La otra carta peruana
Para María Portilla, Beijing marcarán sus segundos Juegos Olímpicos. Ella tuvo la oportunidad de correr en Sydney cuando acabó en el puesto 36 tras completar los 42 kilómetros y 195 metros en dos horas, 38 minutos. Hoy, ocho años después, ella tiene más experiencia. Hasta el lunes último, ella estuvo entrenando en el Cusco buscando prepararse de la mejor manera para competir el 17 de agosto en la maratón. Ese día viajó a Estados Unidos. Regresó a Albuquerque, en el estado de Nuevo México (Estados Unidos).
"He tratado de prepararme de la mejor manera, aunque en el Cusco no ha sido fácil, porque la gente maneja muy mal. Era muchlo riesgo correr a determinada hora. Por lo general, lo que hacía era ir a la zona de Sacsayhuamán para poder correr", contó.
Se viene un reto grande, correr en los Juegos Olímpicos.
Sí, lo sé. El reto es difícil, pero lo bueno es que ahora llego con más experiencia. Ahora sí sé las cosas que no tengo que hacer antes de la competencia.
¿Qué fue lo que te pasó en Sydney?
Uy, eran mis primeros juegos y llegué sin saber mucho. El día previo a la carrera, lo recuerdo bien, comí mucho.

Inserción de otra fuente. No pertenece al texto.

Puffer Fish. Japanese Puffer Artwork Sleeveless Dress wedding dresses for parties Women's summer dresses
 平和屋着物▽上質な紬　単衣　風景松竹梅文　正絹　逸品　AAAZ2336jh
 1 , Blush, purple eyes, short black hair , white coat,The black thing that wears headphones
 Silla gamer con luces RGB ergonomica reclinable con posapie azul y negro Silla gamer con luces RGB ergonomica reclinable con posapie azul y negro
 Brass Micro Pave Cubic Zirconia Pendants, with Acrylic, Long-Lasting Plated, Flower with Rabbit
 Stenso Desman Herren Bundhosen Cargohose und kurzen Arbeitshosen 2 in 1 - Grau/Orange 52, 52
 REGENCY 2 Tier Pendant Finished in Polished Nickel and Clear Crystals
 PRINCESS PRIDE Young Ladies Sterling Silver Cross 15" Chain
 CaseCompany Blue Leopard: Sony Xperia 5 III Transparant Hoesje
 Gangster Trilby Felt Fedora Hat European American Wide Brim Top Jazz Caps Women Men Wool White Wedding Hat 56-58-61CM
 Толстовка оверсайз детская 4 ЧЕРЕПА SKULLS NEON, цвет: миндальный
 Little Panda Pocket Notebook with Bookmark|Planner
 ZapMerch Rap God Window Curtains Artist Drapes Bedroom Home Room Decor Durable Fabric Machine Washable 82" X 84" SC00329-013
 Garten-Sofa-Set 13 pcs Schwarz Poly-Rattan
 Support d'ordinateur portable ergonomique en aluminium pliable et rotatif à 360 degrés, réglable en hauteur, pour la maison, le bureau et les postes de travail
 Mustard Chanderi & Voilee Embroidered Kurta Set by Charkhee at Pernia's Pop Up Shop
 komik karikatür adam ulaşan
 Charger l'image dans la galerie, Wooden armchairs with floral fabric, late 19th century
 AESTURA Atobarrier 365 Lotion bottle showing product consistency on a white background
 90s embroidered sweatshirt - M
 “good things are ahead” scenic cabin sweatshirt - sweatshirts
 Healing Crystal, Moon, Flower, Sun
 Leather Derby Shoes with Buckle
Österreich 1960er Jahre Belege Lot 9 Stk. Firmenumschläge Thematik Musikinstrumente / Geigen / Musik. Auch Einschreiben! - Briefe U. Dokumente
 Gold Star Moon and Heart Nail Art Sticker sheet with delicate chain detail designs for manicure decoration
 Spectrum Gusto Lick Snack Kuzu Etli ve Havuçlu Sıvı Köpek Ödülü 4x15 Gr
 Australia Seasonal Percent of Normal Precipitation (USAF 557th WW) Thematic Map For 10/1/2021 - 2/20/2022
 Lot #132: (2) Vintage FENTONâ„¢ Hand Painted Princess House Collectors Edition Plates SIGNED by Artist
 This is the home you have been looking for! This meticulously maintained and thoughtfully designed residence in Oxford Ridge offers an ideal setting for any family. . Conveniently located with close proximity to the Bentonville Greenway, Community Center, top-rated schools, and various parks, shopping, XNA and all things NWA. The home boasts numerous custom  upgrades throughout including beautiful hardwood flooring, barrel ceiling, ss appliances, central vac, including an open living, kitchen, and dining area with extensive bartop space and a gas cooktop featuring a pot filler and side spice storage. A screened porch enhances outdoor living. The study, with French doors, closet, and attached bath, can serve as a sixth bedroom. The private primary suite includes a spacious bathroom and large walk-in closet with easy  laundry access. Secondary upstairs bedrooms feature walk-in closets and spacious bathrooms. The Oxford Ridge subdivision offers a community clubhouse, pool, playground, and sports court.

En los juegos hay un restaurante abierto las 24 horas y yo no me cuidé. Así, cuando llegó la hora de la carrera estaba muy pesada. Me dolía todo. Estuve a un paso de retirarme de la carrera. Pero luego pensé que mi país me había enviado para acabarla y la pude terminar.
Tras esos juegos, se te perdió el rastro hasta que a finales de abril llegó la noticia que habías superado la marca mínima. ¿Qué fue de ti?
Me pasó de todo. En el 2001 corrí en Bogotá, en la misma prueba en la que se lesionó Juan José Castillo. Él ganó en varones y yo en damas. Pero para correr esa prueba me apliqué una inyección para calmar un dolor que tenía. Esa inyección me hizo mucho mal. Me dio taquicardia, me temblaban las manos, y todo eso. A los días me fui a México y pese a que seguía con el malestar, corrí y gané. Cuando estaba regresando, en Miami, me puse muy mal. Me tuvieron que llevar a la clínica. Pasé de médico en médico, pero no daban con mi mal. Pasaron cerca de seis meses. Me alejé de las carreras y entré en un cuadro de depresión terrible.
¿Y qué hiciste para salir de esa crisis?
Pues no sé, el tiempo pasó. Le agarré fobia a las agujas. Creo que lo más me ayudó fue quedar en cinta y dar a luz a una pequeña que ha sido mi motivación. Cuando ya vino, volví a tener las ganas de correr. Fue entonces que nos instalamos en Albuquerque. Allí encontré gente muy buiena que me ayudó, como la señora Susane Poole, que incluso sacó plata de su bolsillo para correr en diferentes pruebas. Este año fue dispuó la Maratón de Salt Lake City en dos horas y 40 minutos.
Tras tu clasificación, has recibido apoyo aquí.
Sí. Nike me dio la mano y me ha vestido. Me ha dado toda la indumentaria deportiva que necesitaba y las zapatillas que yo quería. Sé que en Beijing las cosas me van a salir bien.
- María Portilla, nacida en Huayllati, Grau, Apurimac.
- Ella no participará de la ceremonia inaugural.
- Portilla recién viajará a Beijing el 10 de agosto, dos días después que la llama olímpica sea encendida.
Hace unos días les presentamos a Constantino León, el otro peruano que correrá en Beijing y que, como María Portilla es vestido por Nike.